Launched at MI-3, MI’s “Avoided Emissions Framework” showcased 100 solutions that have the potential to reduce global greenhouse gas emissions almost 3 billion tonnes of CO2 per year by 2030. A new goal of bringing 1000 solutions to MI-5 was also announced.
At MI-4 (May 28, 2019), the Smart Grids Innovation Accelerator (SGIA) was presented to MI Ministers by Italy, with the strong support of China, India and IC1 members.
Co-leads: China, India, Italy
Participants: Australia, Austria, Brazil, Canada, Denmark, European Union, Finland, France, Germany, Indonesia, Mexico, Netherlands, Norway, Republic of Korea, Saudi Arabia, Sweden, United Kingdom, United States
World electrical energy consumption is increasing at the rate of 1.4%/year, with an associated increase in greenhouse gases (GHG) emissions that are negatively affecting the climate around the globe. Thus, a fundamental transformation of the world’s power systems is under way to deliver zero-emissions power to an increasingly electricity-hungry world.
For example, eighteen cities in the United States have committed to maximizing the amount of energy they use from renewable energy, up from 25% today. Meeting this challenge requires a transition from the power grid that today relies on coal and gas power plants, to a future grid that can be largely powered by decentralized renewable energy sources, and which can dynamically adjust supply and demand in order to handle the intermittency of solar and wind power.

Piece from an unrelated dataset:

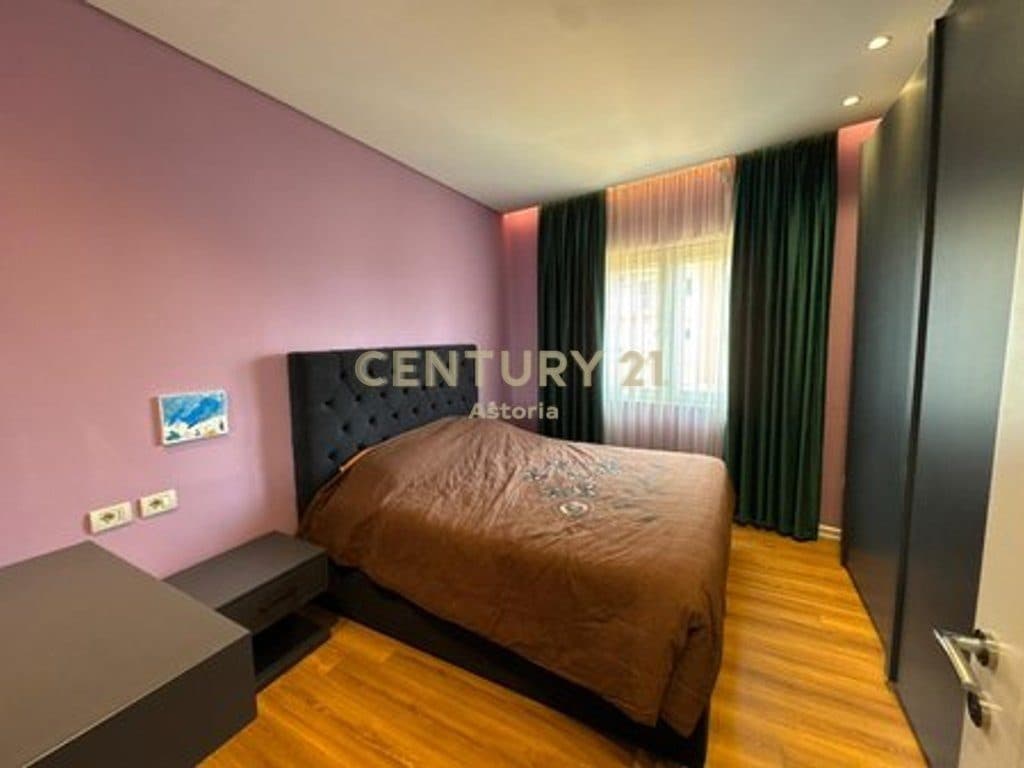 SHITET APARTAMENT 1+1 NE DON BOSKO, PRANE BUJTINES SE GJELIT 3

While the challenges are significant, so are the opportunities. By 2040, it is expected that zero-emission energy sources will make up 60% of installed capacity. Wind and solar will account for more than 60% of the new power generating capacity added worldwide. This represents more than 8 terawatts of generation capacity and about 7 trillion USD of the $11 trillion USD invested.3
Globally, the total CO2 capture capacity of the 22 current projects (in operation or construction) is about 40 million tonnes per annum. The IEA’s Energy Technology Perspectives report released in 2016 estimates that CCUS could provide 12% of the GHG emission reductions in the power sector needed to meet a 2°C scenario by 2050, or about 3.5 gigatonnes of abatement per year. In this scenario, 6.4 gigatonnes of CO2 are captured in 2050 in the power and industrial sectors combined.